_Problem to solve_
Your answer should contain only the lines from the top of the data below down through the one with "específica sobre las", transcribed exactly and without pictures; please include nothing more.
:: Task inputs
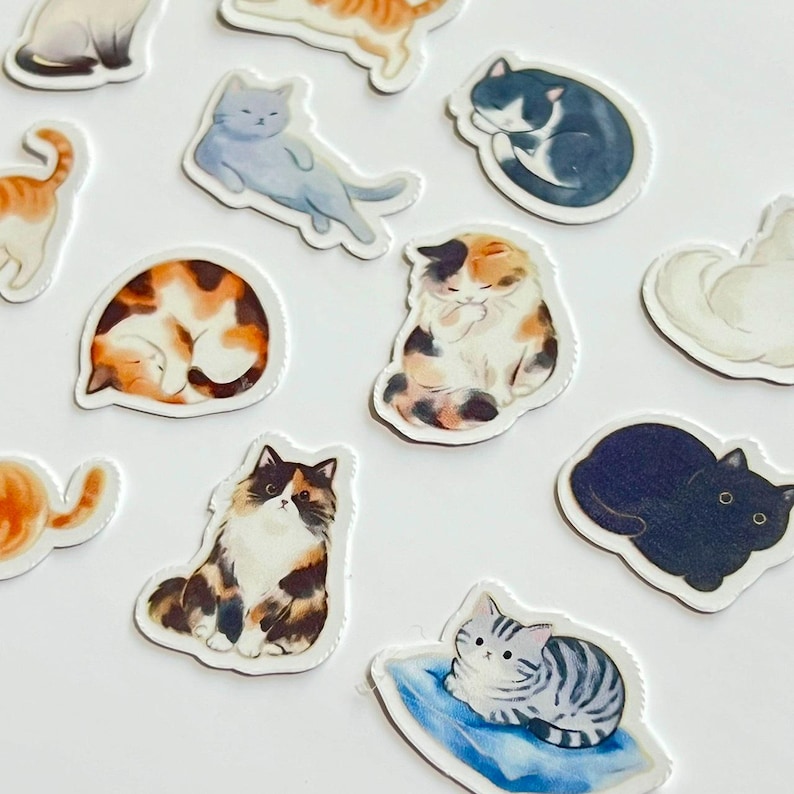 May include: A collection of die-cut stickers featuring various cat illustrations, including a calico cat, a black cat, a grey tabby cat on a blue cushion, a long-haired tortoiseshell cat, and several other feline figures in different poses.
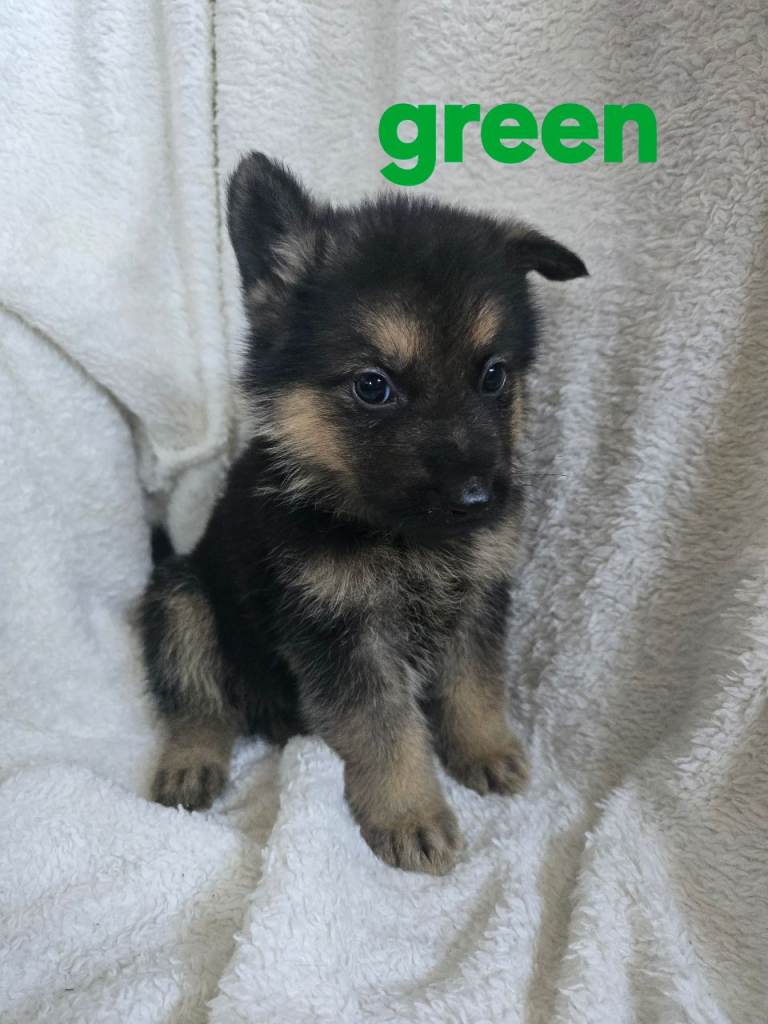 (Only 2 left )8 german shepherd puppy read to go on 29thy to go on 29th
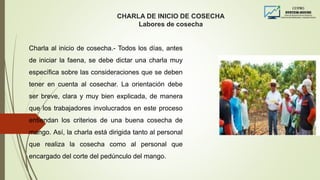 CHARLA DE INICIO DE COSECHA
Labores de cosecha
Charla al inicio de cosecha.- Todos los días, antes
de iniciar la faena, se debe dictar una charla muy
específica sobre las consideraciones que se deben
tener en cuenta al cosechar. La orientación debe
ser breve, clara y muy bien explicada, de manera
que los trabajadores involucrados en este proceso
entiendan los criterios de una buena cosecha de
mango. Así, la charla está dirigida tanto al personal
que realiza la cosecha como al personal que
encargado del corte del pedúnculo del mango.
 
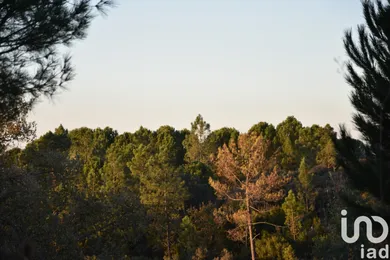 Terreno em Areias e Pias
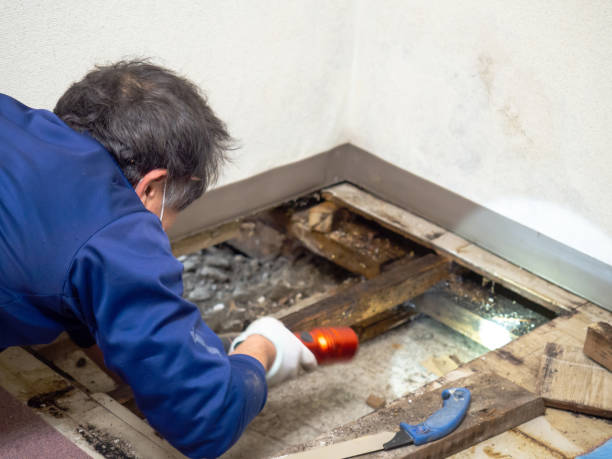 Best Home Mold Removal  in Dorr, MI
::::
_Solved problem_
 May include: A collection of die-cut stickers featuring various cat illustrations, including a calico cat, a black cat, a grey tabby cat on a blue cushion, a long-haired tortoiseshell cat, and several other feline figures in different poses.
 (Only 2 left )8 german shepherd puppy read to go on 29thy to go on 29th
 CHARLA DE INICIO DE COSECHA
Labores de cosecha
Charla al inicio de cosecha.- Todos los días, antes
de iniciar la faena, se debe dictar una charla muy
específica sobre las consideraciones que se deben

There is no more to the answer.